I’d love some advice on dealing with heat with simultaneous sessions (dual GMs).
I’m running more two-table sessions tomorrow and Wednesday. One issue is that the crew suffers heat from two scores at once – this makes it very easy to gain a wanted level.
Any suggestions for mitigating this? Should I allow a single downtime action (or two) for folks between assigning heat from the second score?
I wouldn’t worry about the crew getting a wanted level. It seems like a feature of the double GM setup, rather than a bug. Wanted level leads to more interesting things for the crew to do, like doing score to pin the crew’s crimes on some patsy. Because someone takes the fall then the crew’s wanted level goes down. Or if their’s a Spider on the crew, they may want to be on the inside to make some connections on the inside, establish some prison claims, etc.
It makes sense in the fiction that if the same crew were pulling multiple jobs at the same time that more heat would come down on them at once. It’s much too flashy an operation. If they don’t want the heat they’re gonna have to be quieter more controlled criminals.
I do like wanted levels going up, for me it’s a question of pacing. If the level goes up each session, that probably out-paces the crew’s ability to clear wanted levels (adequately setting up a patsy takes a few downtime actions and I don’t want to force the crew to keep sending characters to jail).
I agree about simultaneous jobs pulling down more heat but it doesn’t need to be immediate. I read Heat as not happening all at once but partly coming from rumors spreading and detailed crime scene investigation – to me that creates a window for heat to be reduced a little.

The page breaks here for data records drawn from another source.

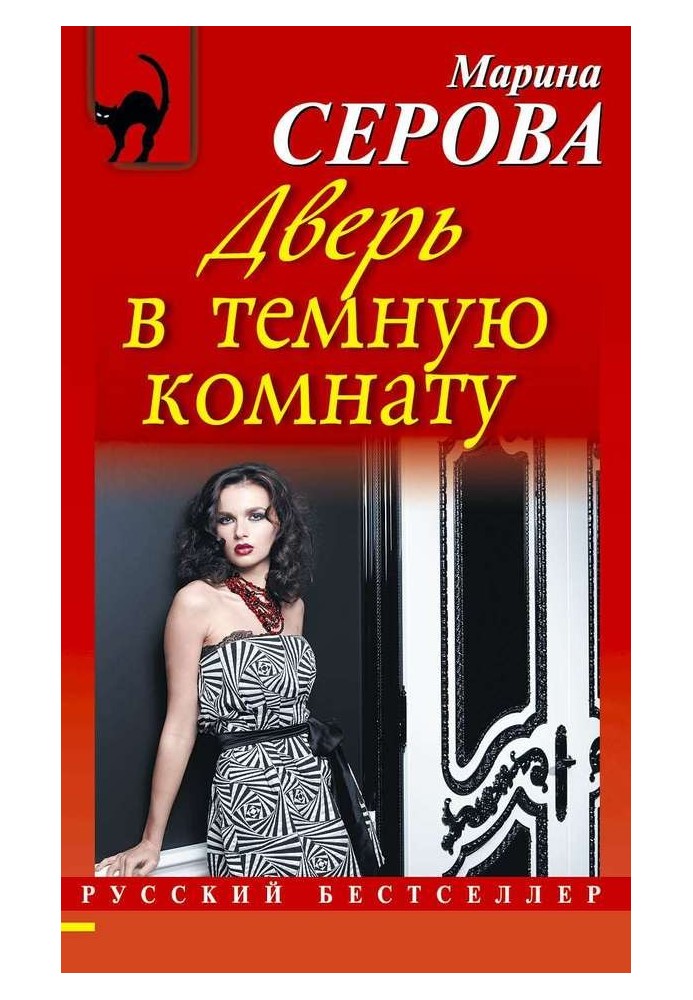 Книга Дверь в темную комнату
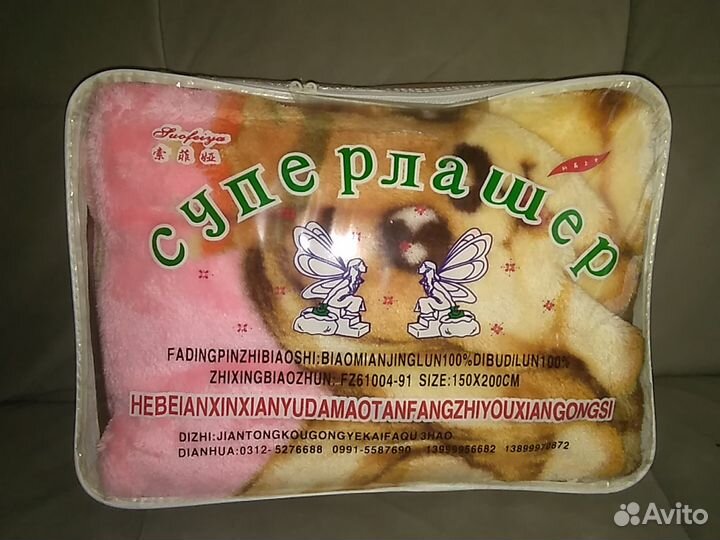 Детское зимнее одеяло толстое, плед,покрывало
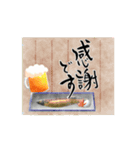 【動く】筆文字で大人で和風な秋のご挨拶（個別スタンプ：16）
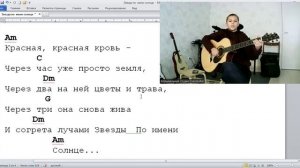 ➡️ВидеоКонспект урока. 🎼Музыкальная студия VsevGuitar. 🎸Уроки гитары во Всеволожске и онлайн.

As a meta-point, they crew isn’t choosing to have a double-GM session because of urgency in the fiction, it’s just convenient for our schedules.
Chris McDonald, exactly. Just follow the GM’s principle of everything flows from the fiction. The additional heat and wanted level is just a consequence of the PC’s action.

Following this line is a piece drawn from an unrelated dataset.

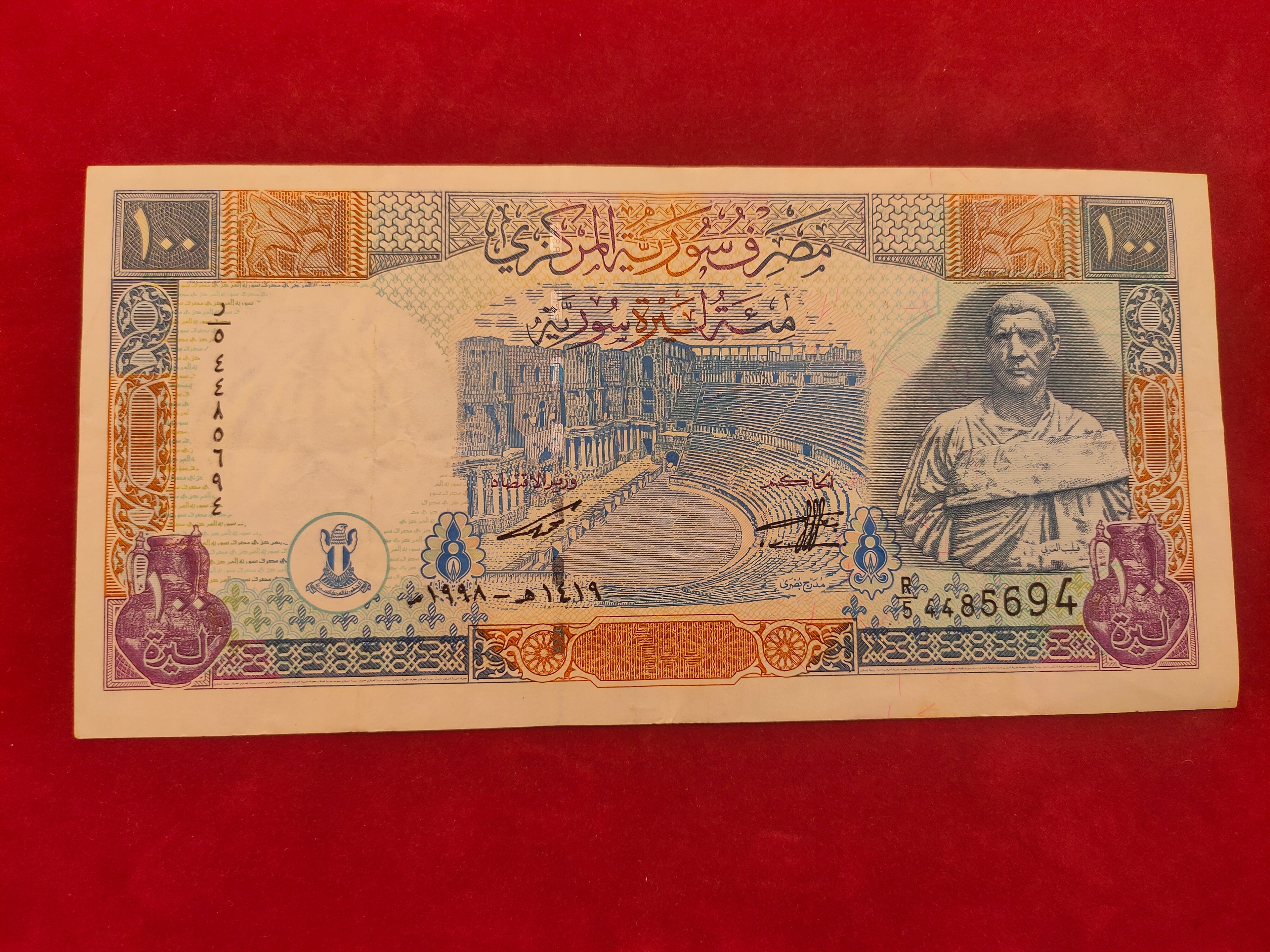 CENTRAL BANK OF SYRIA 100 POUNDS (806)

The window is downtime though. Even single game groups if things go badly enough can hit a single heat threshold in one bad or big session. You can control your reputation after rumors have already circulated (downtime) or control the narrative during the job (don’t do big heat scores) but once the job is done there are immediate ramifications you never have control over.
How exactly mechanically is this simultaneously run downtime phase happening. Are both tables pooling and dumping heat from both jobs at the same time before either gets to have a chance to reduce heat? If so then just stagger them. If they’re already staggered and it’s just more heat than the players are reducing in downtime then it’s on them. It may just be a mechanic that doesn’t work simultaneously.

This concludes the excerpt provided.